> **Problem to solve**: The entries are to be written out word for word, with their images left out.

> **Source data**:
○ ○ ○

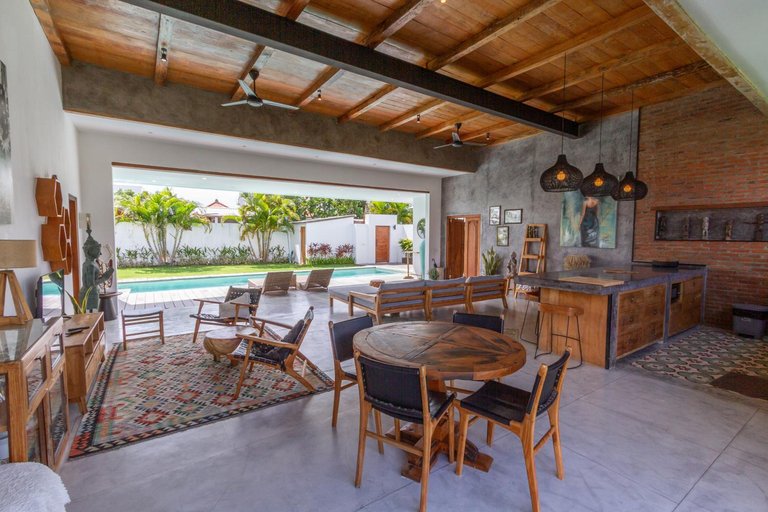 Food & Drinks 4, Villa Maje, Badung
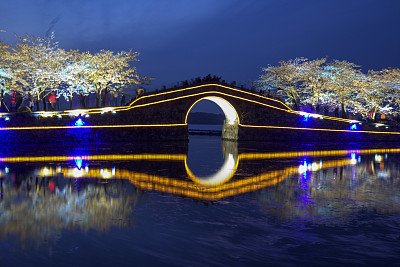 江苏省无锡市,太湖鼋头渚风景区内樱花夜景美如画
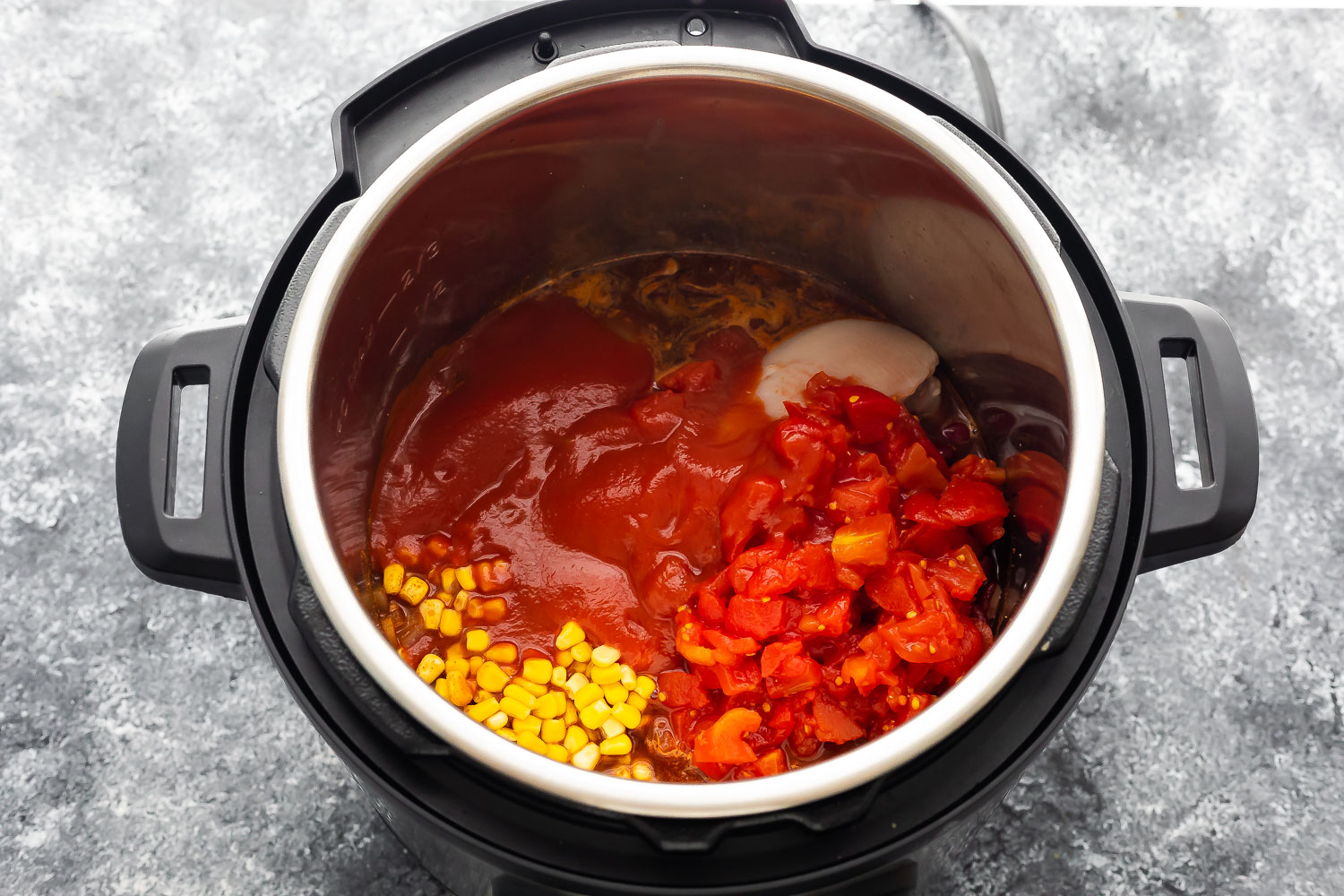 ingredients required for chicken chili in the instant pot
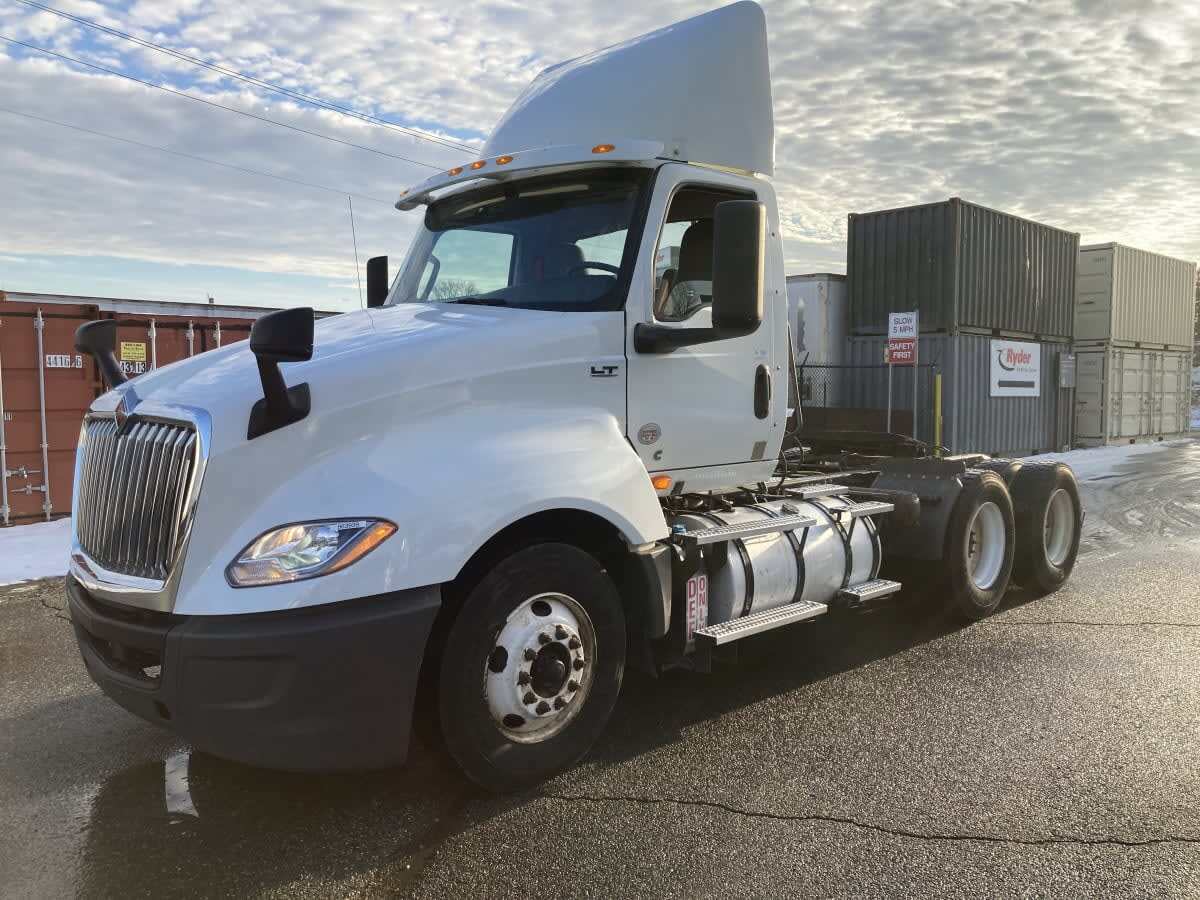 2019 INTERNATIONAL LT625 DAYCAB T/A in Springfield, MA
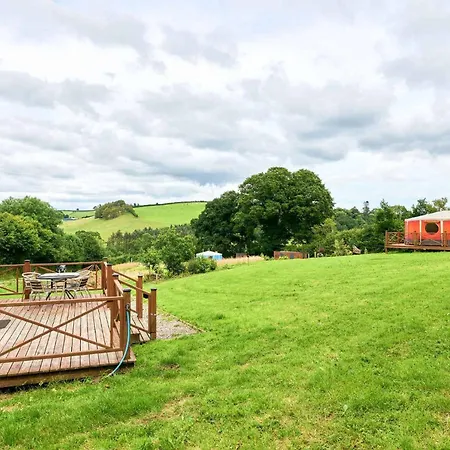 Allercombe Farm Glamping Yurts & Wild Camping South Brent Exterior foto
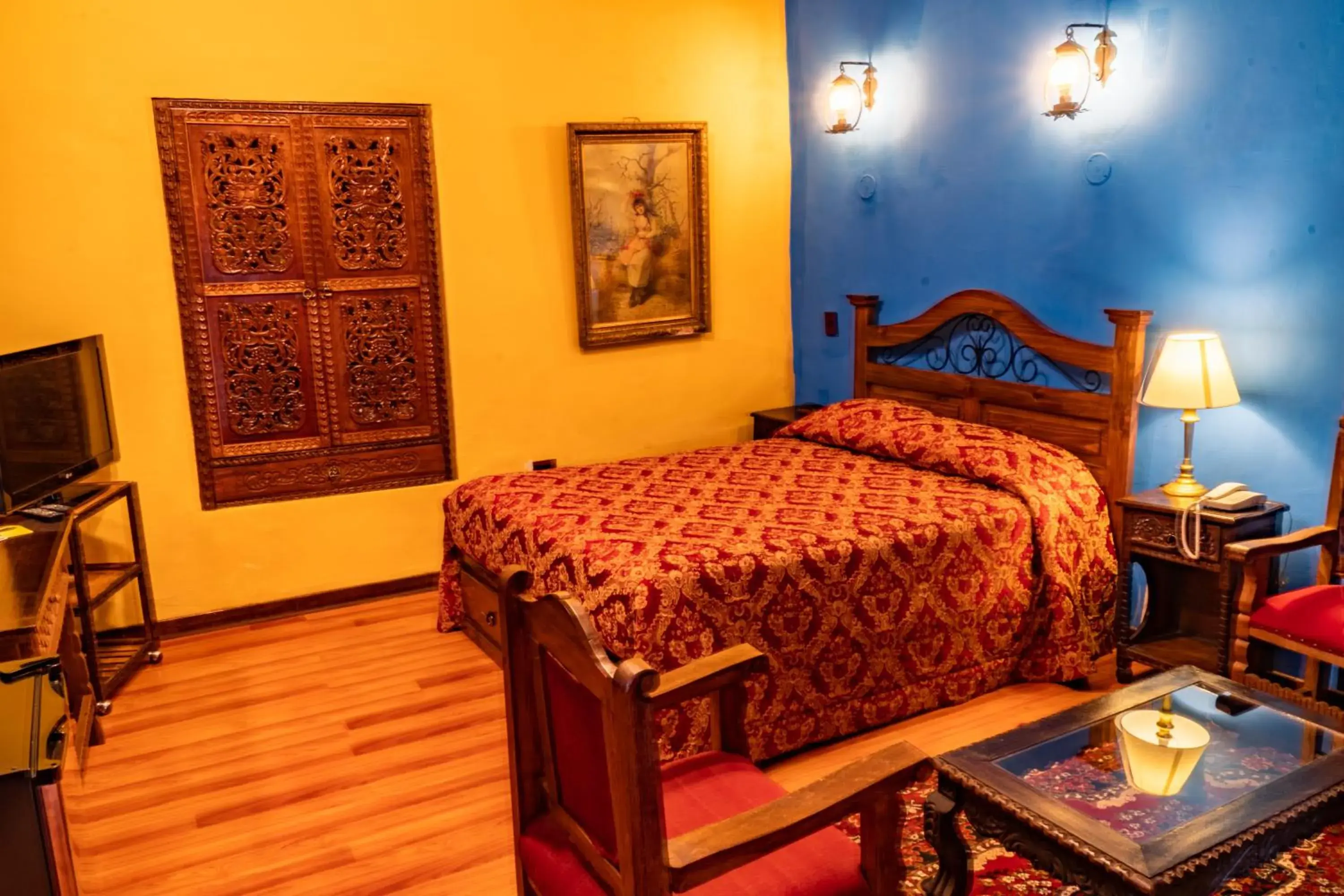 Deluxe Queen Room - single occupancy in Hotel Marqueses Deluxe Queen Room - single occupancy in Hotel Marqueses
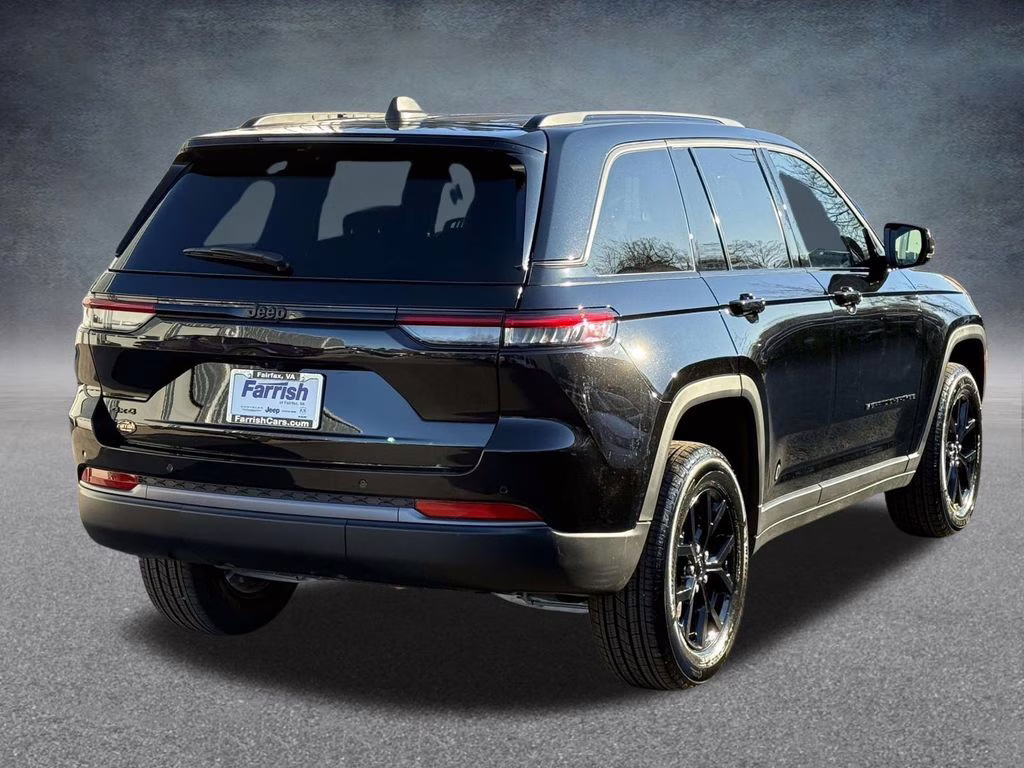 2026 Diamond Black Crystal Pearlcoat Jeep Grand Cherokee Laredo 4X4 SUV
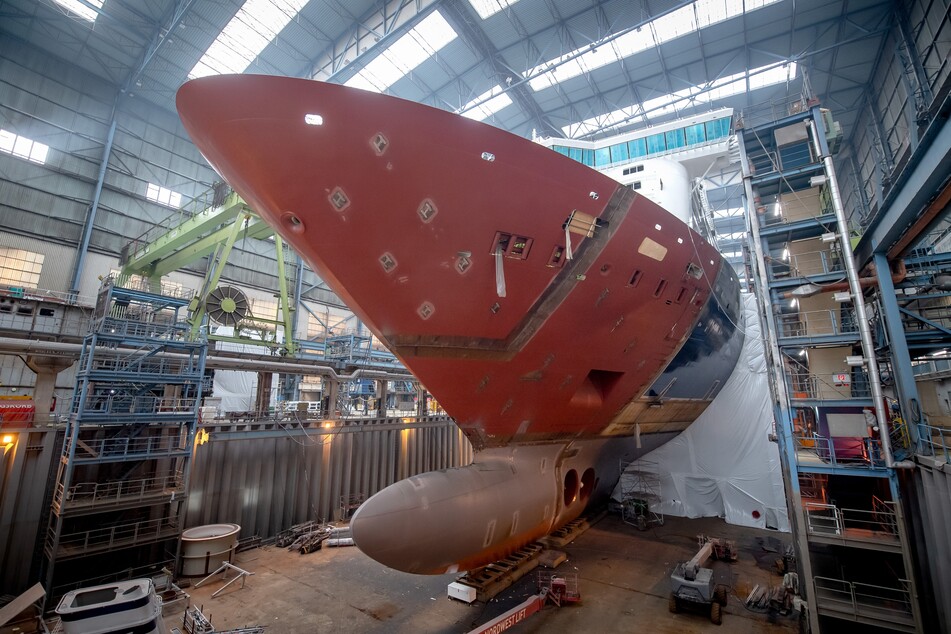Mehrarbeit und Kündigungen? Meyer-Werft in der Krise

○ ○ ○

> **Problem solution**:
 Food & Drinks 4, Villa Maje, Badung
 江苏省无锡市,太湖鼋头渚风景区内樱花夜景美如画
 ingredients required for chicken chili in the instant pot
 2019 INTERNATIONAL LT625 DAYCAB T/A in Springfield, MA
 Allercombe Farm Glamping Yurts & Wild Camping South Brent Exterior foto
 Deluxe Queen Room - single occupancy in Hotel Marqueses Deluxe Queen Room - single occupancy in Hotel Marqueses
 2026 Diamond Black Crystal Pearlcoat Jeep Grand Cherokee Laredo 4X4 SUV
Mehrarbeit und Kündigungen? Meyer-Werft in der Krise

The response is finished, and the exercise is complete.